Task
Look through the listing below for the line containing "Frolic Saga off-white". Copy it and each line after it up to and including the line containing "2021Autumn Style Retro", exactly, leaving out pictures.

*** Material for the task Section Begins ***

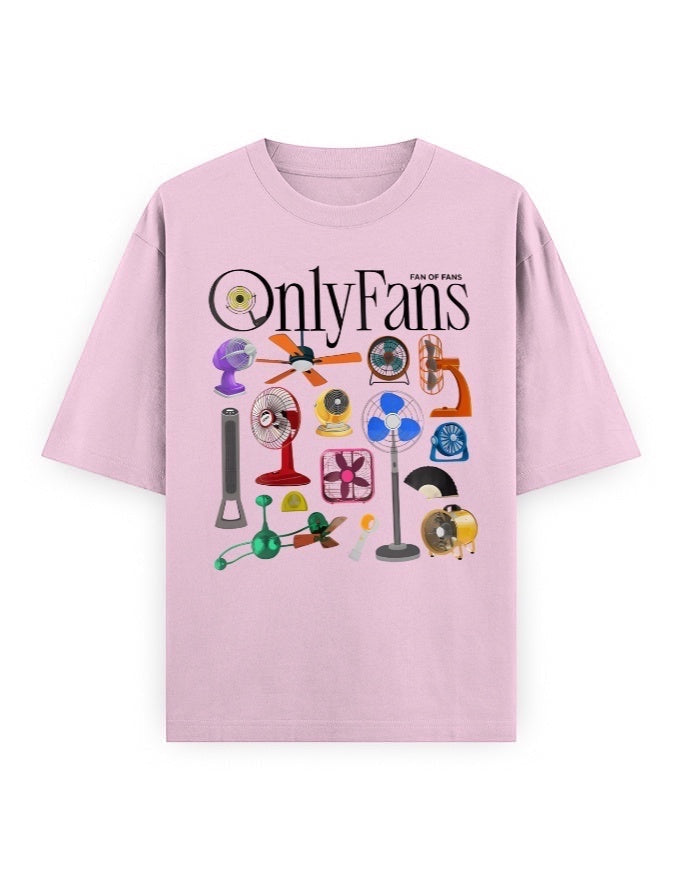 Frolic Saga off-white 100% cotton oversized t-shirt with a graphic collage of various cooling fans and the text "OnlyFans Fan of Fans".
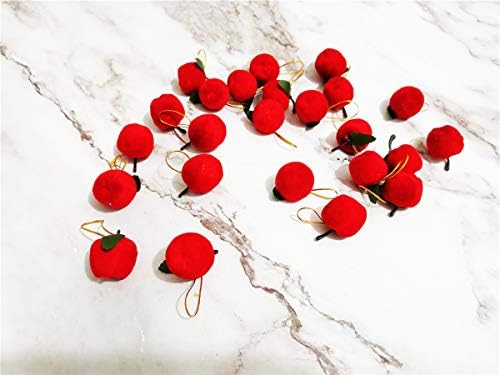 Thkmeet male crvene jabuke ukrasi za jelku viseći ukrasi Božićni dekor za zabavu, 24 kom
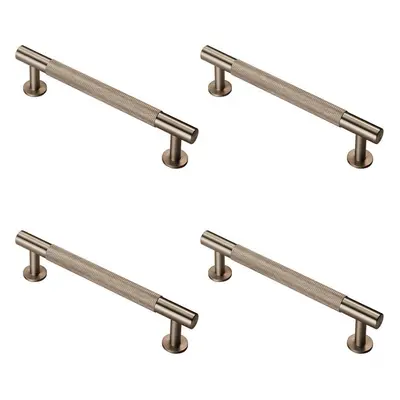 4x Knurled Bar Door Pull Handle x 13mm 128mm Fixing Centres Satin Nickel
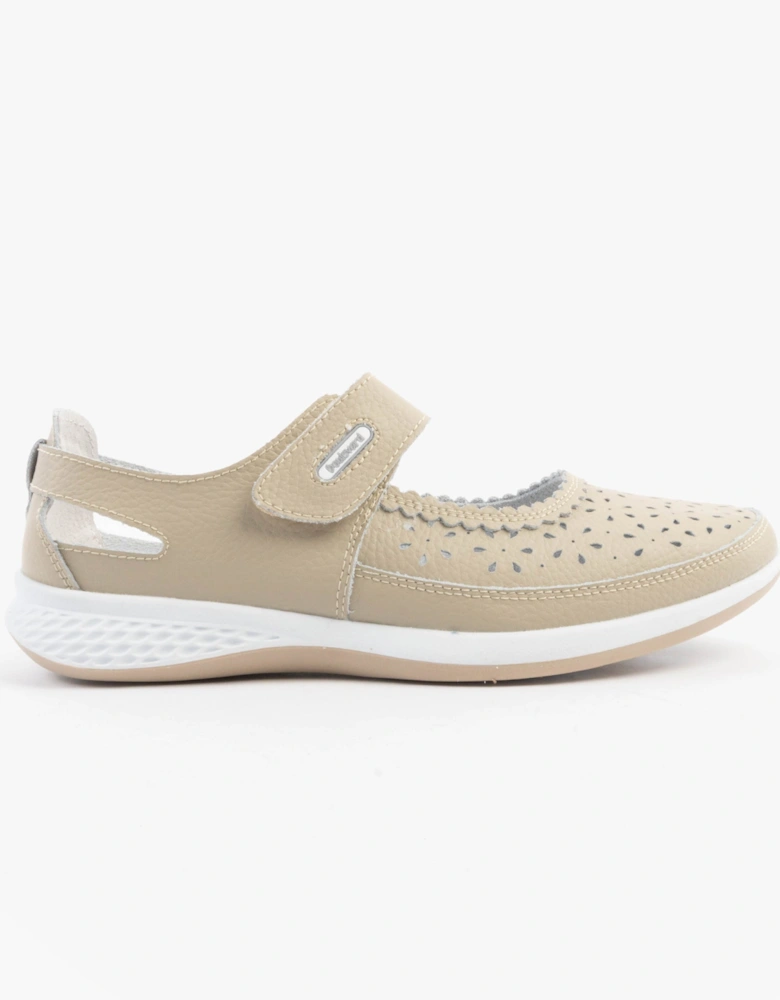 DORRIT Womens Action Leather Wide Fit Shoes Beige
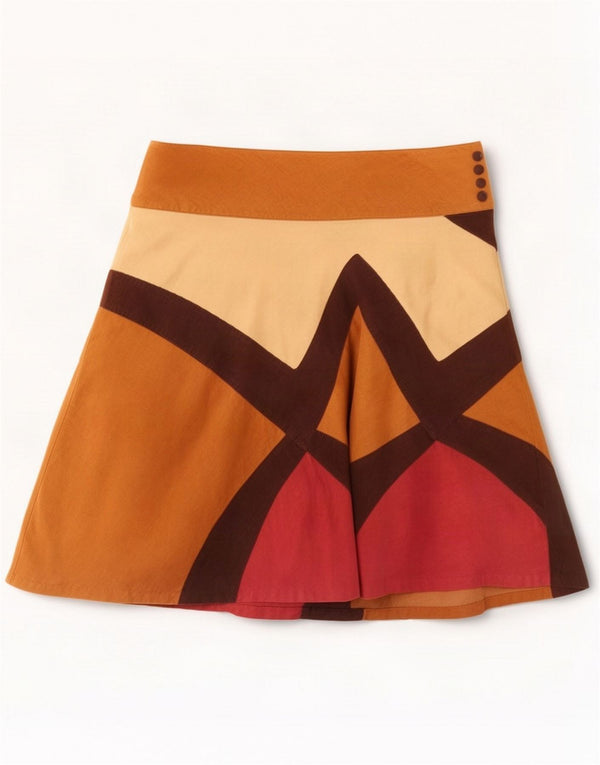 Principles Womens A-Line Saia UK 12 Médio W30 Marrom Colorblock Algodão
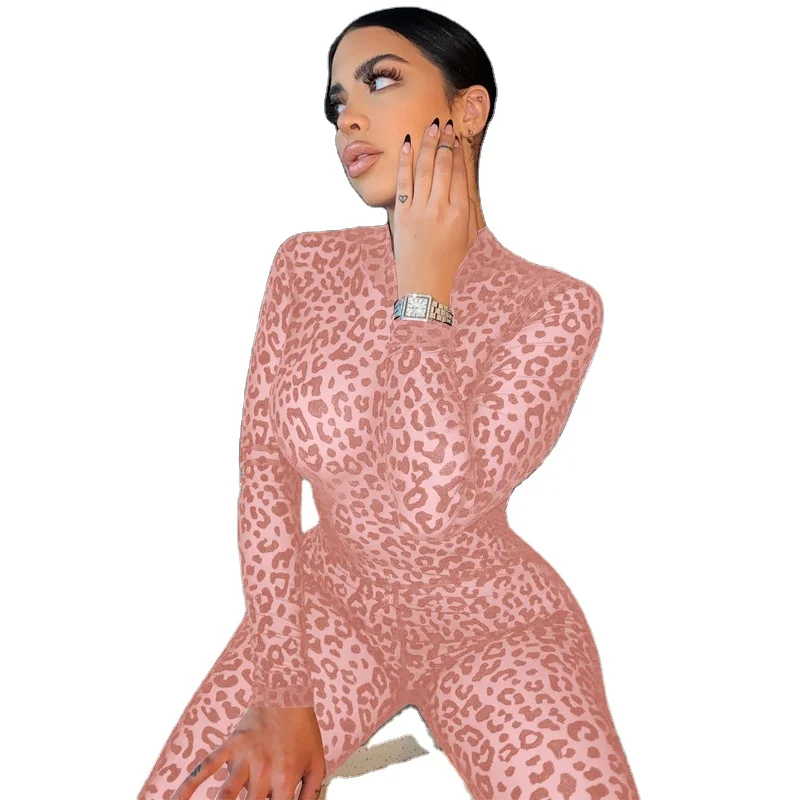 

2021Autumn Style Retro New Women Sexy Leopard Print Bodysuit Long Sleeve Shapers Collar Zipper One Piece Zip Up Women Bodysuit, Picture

*** Material for the task Section Ends ***
*** Material for the task Section Begins ***

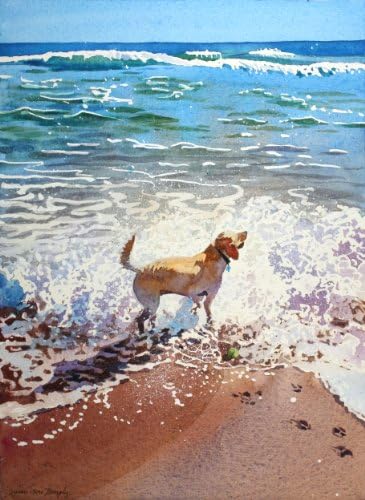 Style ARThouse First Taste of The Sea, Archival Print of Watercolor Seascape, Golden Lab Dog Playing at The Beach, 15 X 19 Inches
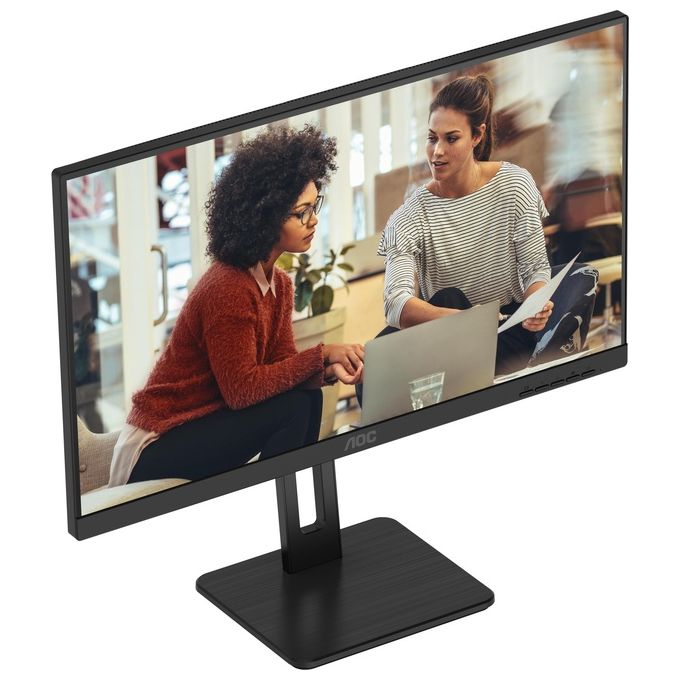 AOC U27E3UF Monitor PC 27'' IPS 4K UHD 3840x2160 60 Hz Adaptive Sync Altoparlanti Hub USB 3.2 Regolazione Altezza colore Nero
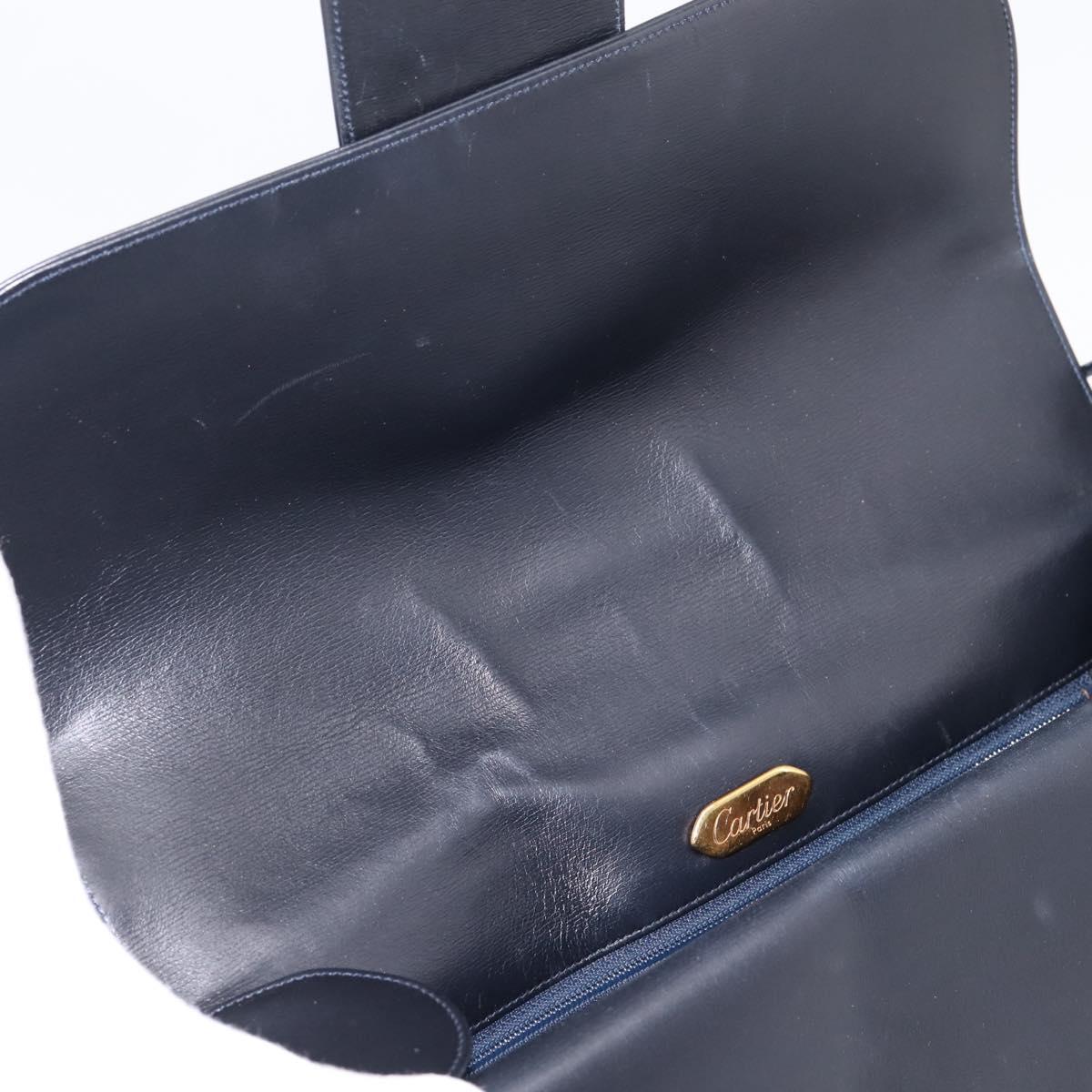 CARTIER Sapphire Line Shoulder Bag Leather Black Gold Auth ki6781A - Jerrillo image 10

*** Material for the task Section Ends ***
*** Material for the task Section Begins ***

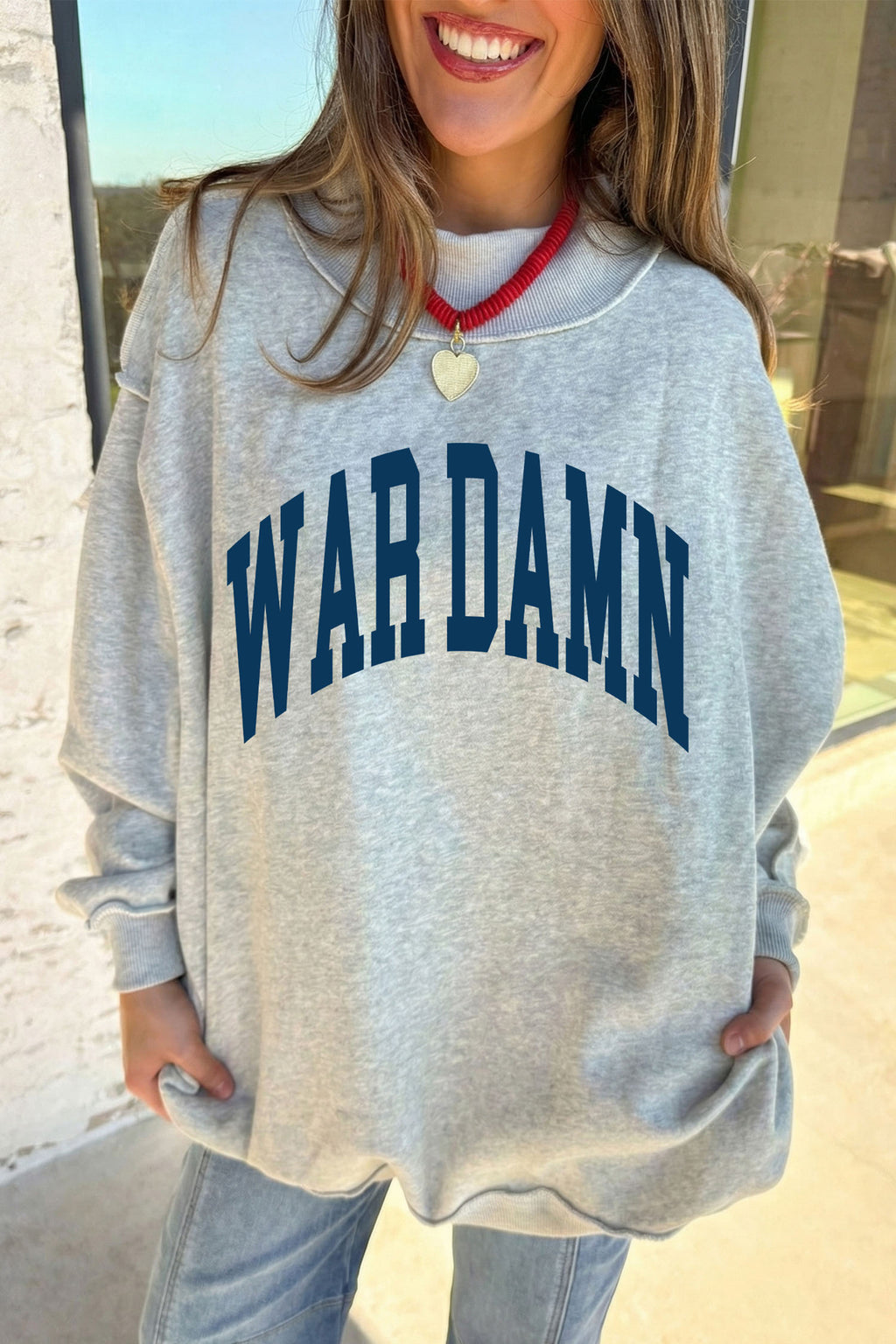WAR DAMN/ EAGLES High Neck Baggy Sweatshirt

*** Material for the task Section Ends ***

Answer to the problem
 Frolic Saga off-white 100% cotton oversized t-shirt with a graphic collage of various cooling fans and the text "OnlyFans Fan of Fans".
 Thkmeet male crvene jabuke ukrasi za jelku viseći ukrasi Božićni dekor za zabavu, 24 kom
 4x Knurled Bar Door Pull Handle x 13mm 128mm Fixing Centres Satin Nickel
 DORRIT Womens Action Leather Wide Fit Shoes Beige
 Principles Womens A-Line Saia UK 12 Médio W30 Marrom Colorblock Algodão

2021Autumn Style Retro New Women Sexy Leopard Print Bodysuit Long Sleeve Shapers Collar Zipper One Piece Zip Up Women Bodysuit, Picture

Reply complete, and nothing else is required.